We think the key here is for any changes to enable better communication between employers, TPR and trustees. If legislation allowed trustees to require better information from employers more quickly, it is likely that schemes and TPR would have a better early warning system than exists now.
We can see the potential importance of the DWP’s proposals to introduce new notifiable events. We also agree with the DWP’s comments that the suggested improvements outlined in the consultation are likely to be more proportionate and less burdensome than the introduction of a mandatory clearance regime applying to all sponsoring employers.
Also, while we agree that a mandatory clearance system would be burdensome, we believe that TPR is more likely to get better engagement from employers if clearance is known to be available for a wide range of corporate transactions and restructuring – ie more widely available than it is now. However, we believe it is important to consider whether, while adding the particular notifiable events specified in the consultation would be likely to capture similar situations to recent high profile cases such as BHS and Carillion, this would necessarily provide a broader early warning system.
Clarifying the legislation
The legislation needs to be clear. For example, it is essential that regulations to expand the notifiable events regime (to be introduced under section 29 of the Pensions Act 2004), leave little or no room for argument as to whether or not an event falls within the scope of the legislation.
Taking the first proposed new notifiable event by way of example.
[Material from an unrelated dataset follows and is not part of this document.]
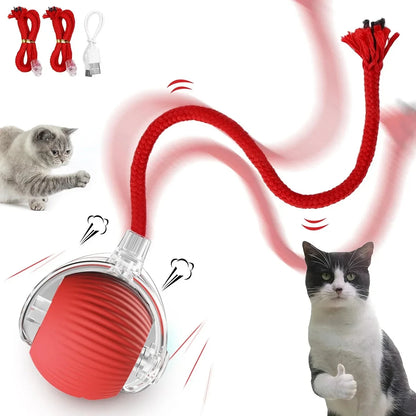 Rotating Smart Ball Cat Toy -USB Rechargeable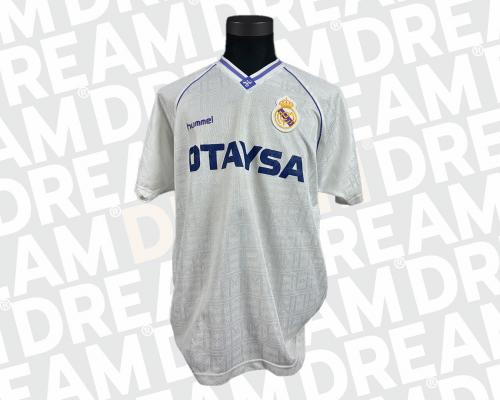 20   -  HUGO RUBIO´S COLLECTION | FERNANDO HIERRO #6 | 1991 REAL MADRID | GAME WORN vs COLO-COLO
In relation to the sale of a material proportion of a business or assets of a scheme employer which has funding responsibility for at least 20% of the scheme’s liabilities (page 11), it is currently unclear how that 20% is intended to be calculated.
It is particularly important to have clarity if the penalties for non-compliance are to increase.
Timing of notifications
We note the DWP’s proposal that the timing of notifications is set to be accelerated, so that issues are raised “much earlier in the planning process” for a number of transactions (page 12). We agree that timing is key, and that early awareness gives trustees more scope to interact with their scheme sponsors before corporate plans affecting a scheme are implemented.
The consultation notes that the listed events should be notified “when a Heads of Terms agreement is first put in place”. We anticipate that this could be open to wide interpretation, primarily because there is no set way of agreeing Heads of Terms, nor definitive timing for them as part of the transaction process. It would therefore be open to debate as to when (if at all) Heads of Terms have been agreed. As noted in relation to the particulars of the notifiable events themselves, it will be important to ensure that the timeframe for notifications is put beyond doubt and debate.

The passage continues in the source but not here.